The only evidence disclosed by the record is the mere proof of opportunity on the part of the defendant to commit the crime charged. This is not enough. State v. Smith, 54 Iowa 743. There are other young men whose names are disclosed by the record who had equal opportunity with the defendant to do the act during the period that the offense is alleged to have been committed by the defendant. In brief, had the prosecutrix selected any one of her several male companions the probative facts could have imposed equal responsibility and criminality. We discover no word of corroboration of the testimony of the prosecuting witness, nor may it be said that any art or artifice was used by the defendant in effectuating his purpose as charged by the prosecutrix. There was no promise of marriage. There was no promise to shield or forever protect her hi the event that a result occurred which in the nature of things both parties might reasonably expect. There were no presents given or received. When the defendant and the prosecutrix first met there was no formality of introduction. She did not learn his name until a subsequent meeting. They motored together in company with a girl friend of the prosecutrix and the male companion of the former. On five different occasions the defendant and prosecutrix were found in each other’s company as testified by her, and on each of these occasions she submitted to the embraces of the defendant. These acts were voluntary on her part and the strongest testimony that savors of any inducement is found in her recital that on the second or third time that intercourse was had she said, “You don’t love me any more, do you?” to which he replied, “Yes, I do or I wouldn’t be here.” This was nothing more than a hasty protestation of love provoked by the inquiry of the prosecutrix. Her associations with men certainly made her sufficiently familiar with the ways of men, and she understood the peril of permitting the taking of improper liberties with her from almost their first meeting.
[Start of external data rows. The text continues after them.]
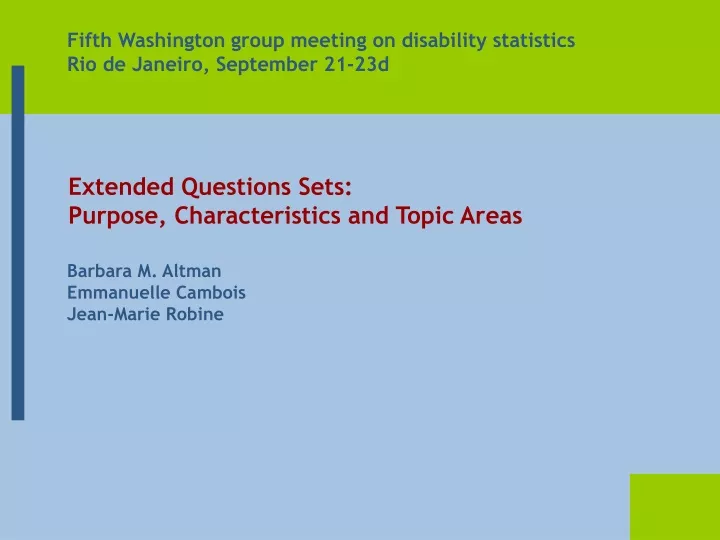 fifth washington group meeting on disability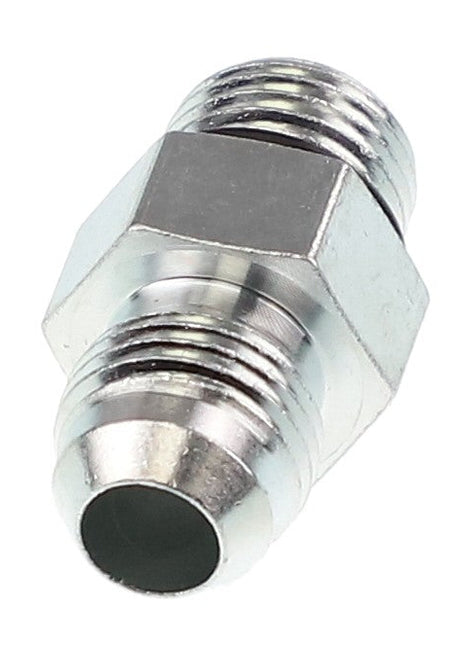 Close-up of the AGCO ADAPTER FITTING - AG334117, featuring threaded ends, a hexagonal middle section, and a tapered opening. Made of stainless steel, this item currently has no product description information available.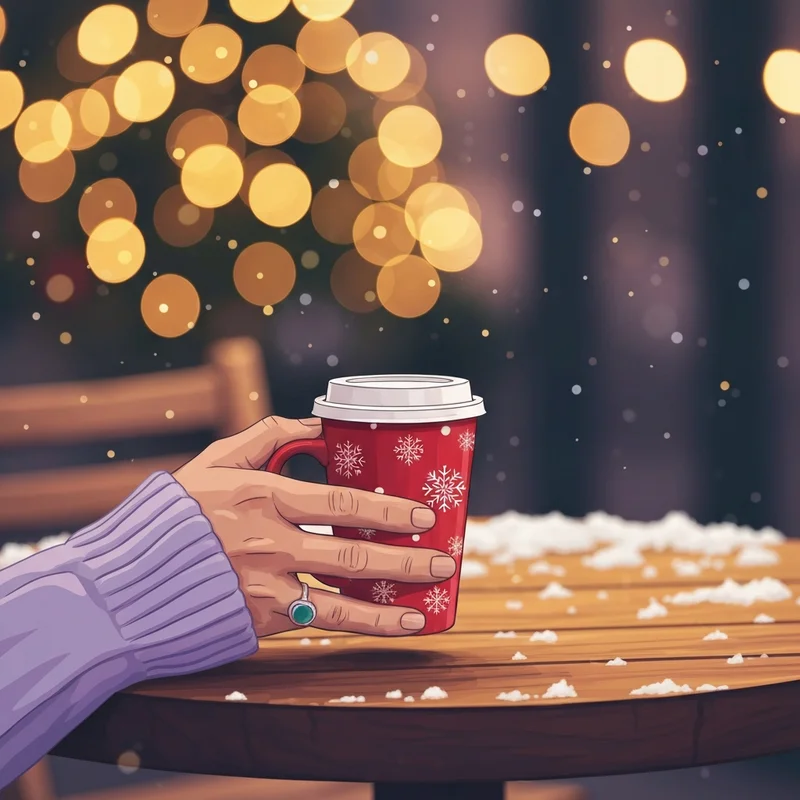A cozy close-up of starbucks holiday drinks 2025 in a festive red cup with holiday lights.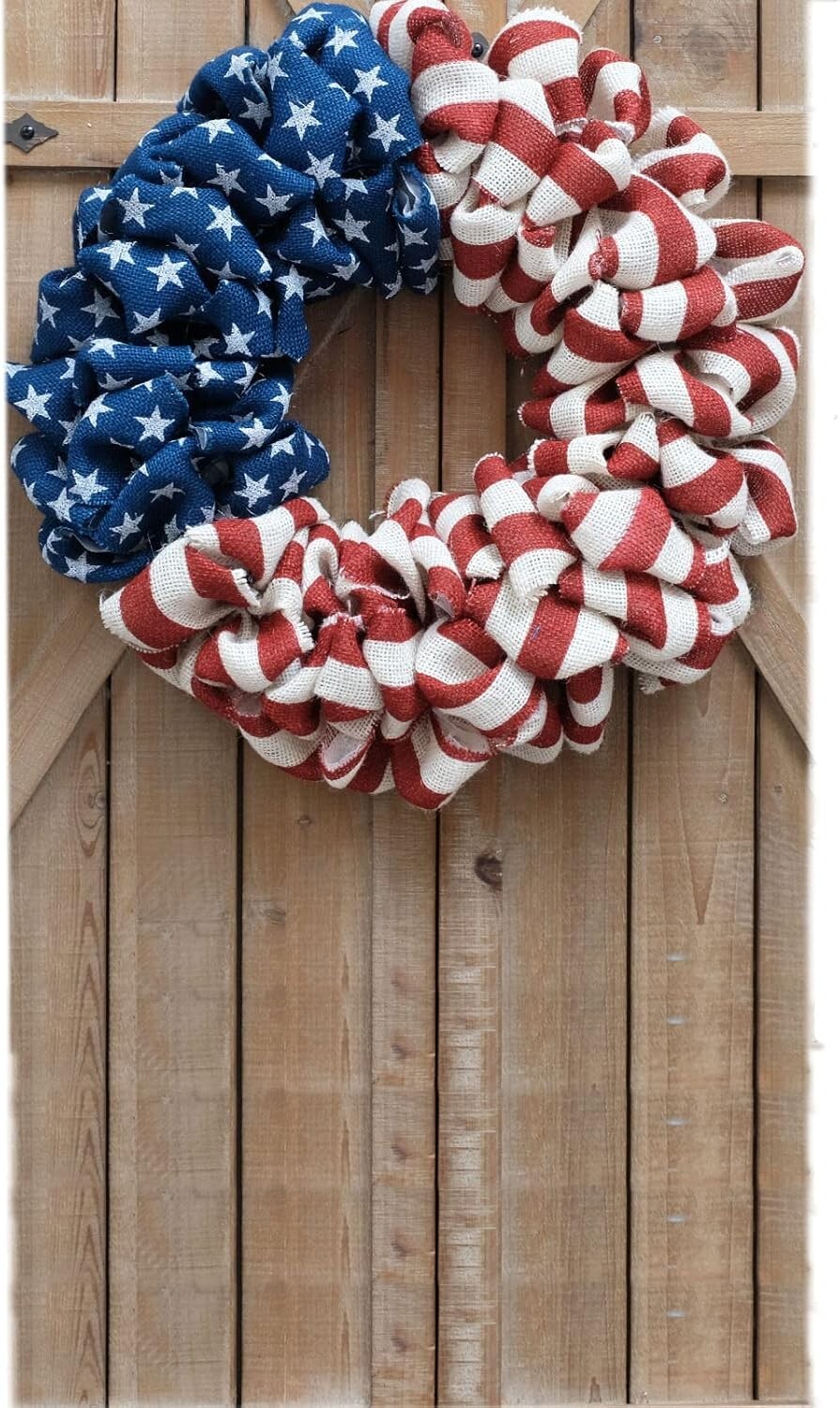 20-Inch Patriotic Burlap Wreath – Handcrafted 4th of July & Memorial Day Decor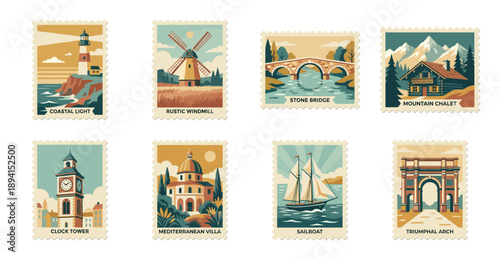 Retro Flat Vector Architecture Landscape Postage Stamp Collection for Travel Stationery and Scrapbooking Assets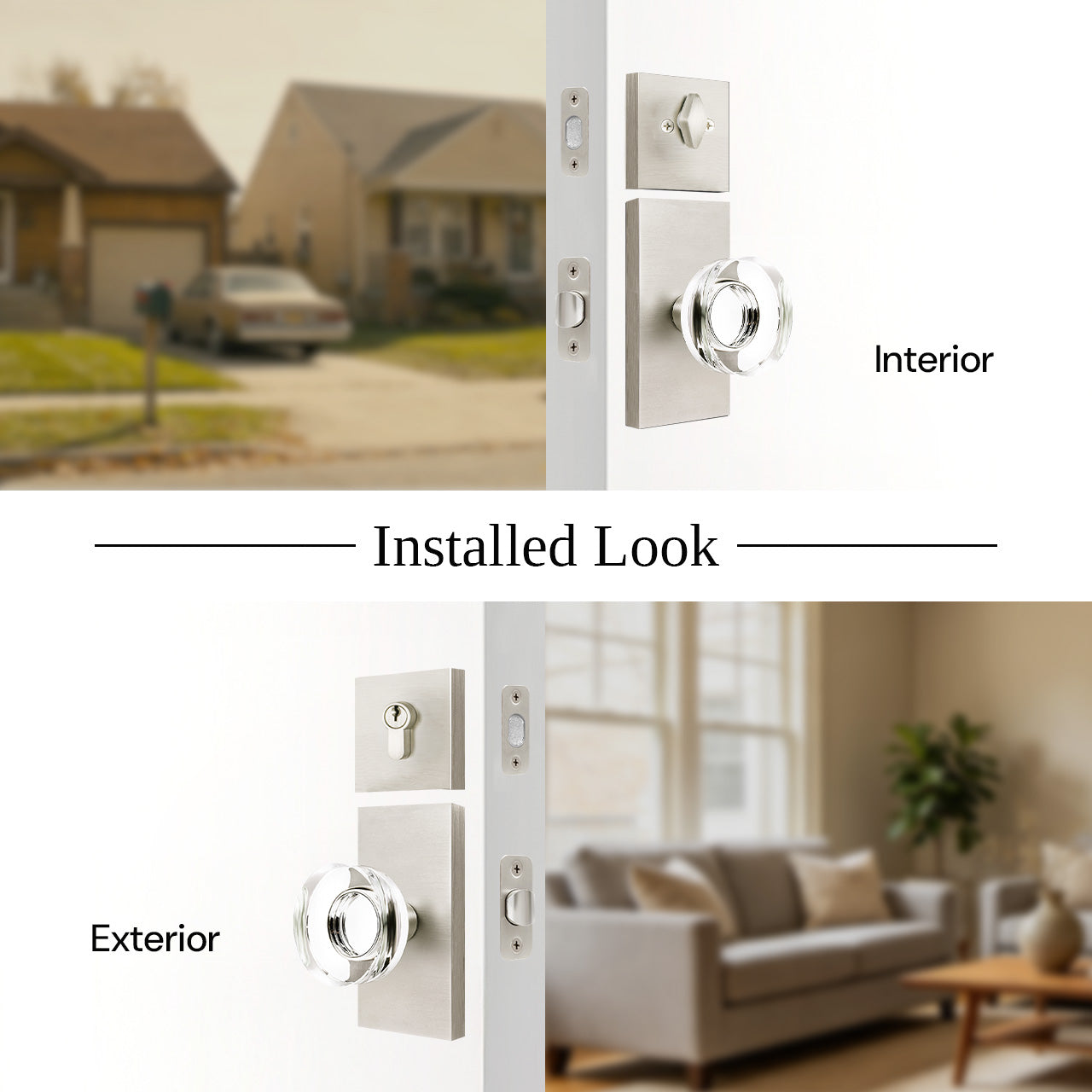 door knob and deadbolt set interior and exterior installation view entry door SENY
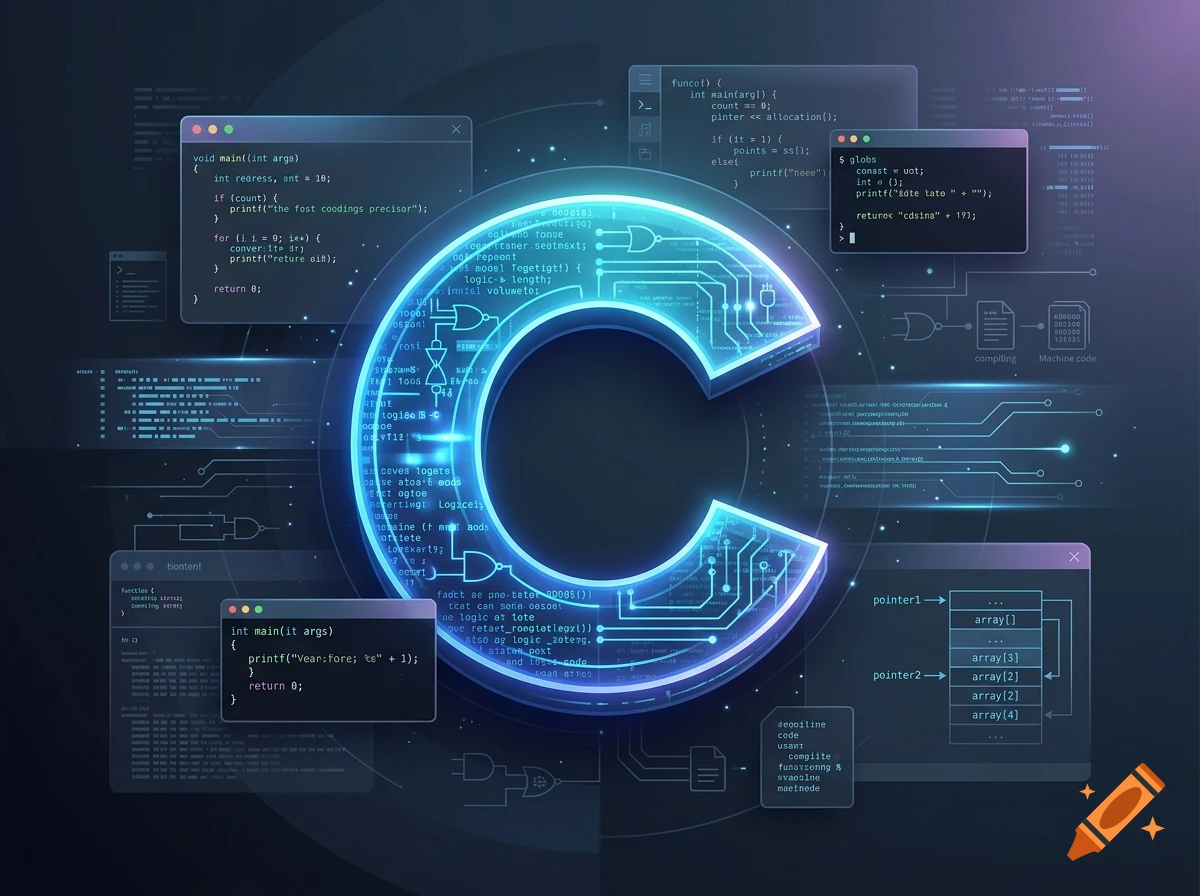 Glowing blue letter C with circuit board patterns surrounded by floating code windows and programming symbols on a dark background.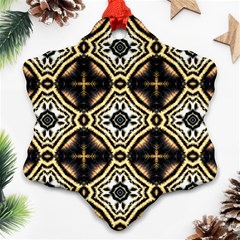 Faux Animal Print Pattern Snowflake Ornament (2-side) by GardenOfOphir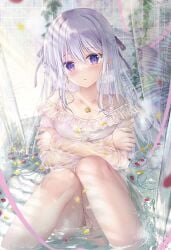 1girl bathtub breasts clothed_bath crossed_arms dress hair_ribbon highres hiiragi_asuka_(twinbox) jewelry light_smile long_sleeves looking_at_viewer necklace original partially_submerged piercing purple_eyes ribbon see-through_clothes sitting solo sousouman twinbox_school water wet white_hair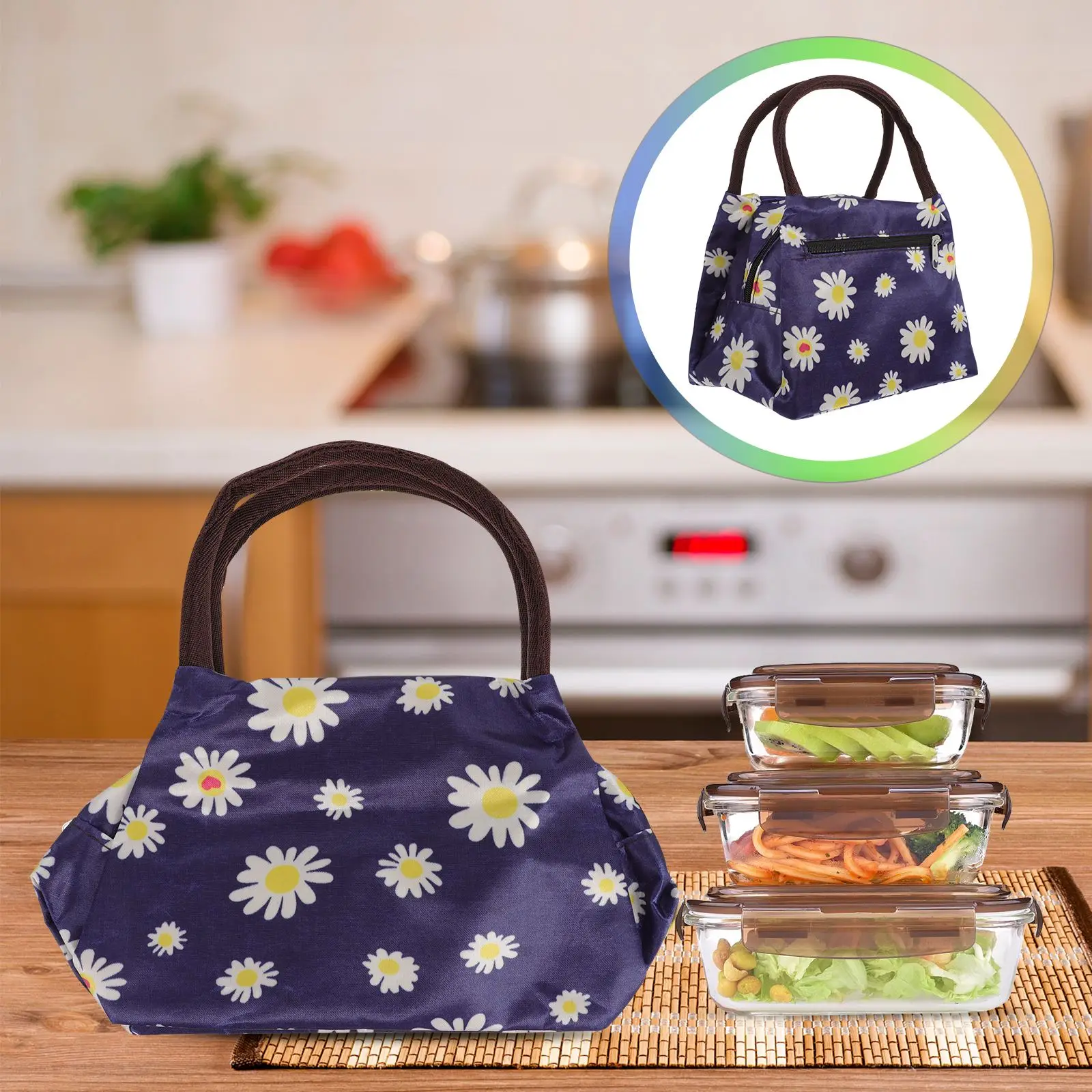 

1pc Floral Pattern Lunchbox Bag Portable Cute Meal Box Bag Bento Box Bag for School Picnic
Prior to the above conversation between them she does not claim that anything had ever been said to her concerning the *740love of the defendant for her. In fact nothing had been said that would naturally tend to induce her fall from the high plane of morality or chastity. The love that had been manifested was of a licentious character, and the protestations quite casual and incidental.

We can reach but one conclusion on this record and in the absence of proof of artifice and deception on the part of the defendant in his lustful relations with the prosecutrix, and in the absence of any evidence of corroboration the judgment entered must be and is — Reversed.

Preston, C. J., Weaver and Stevens, JJ., concur.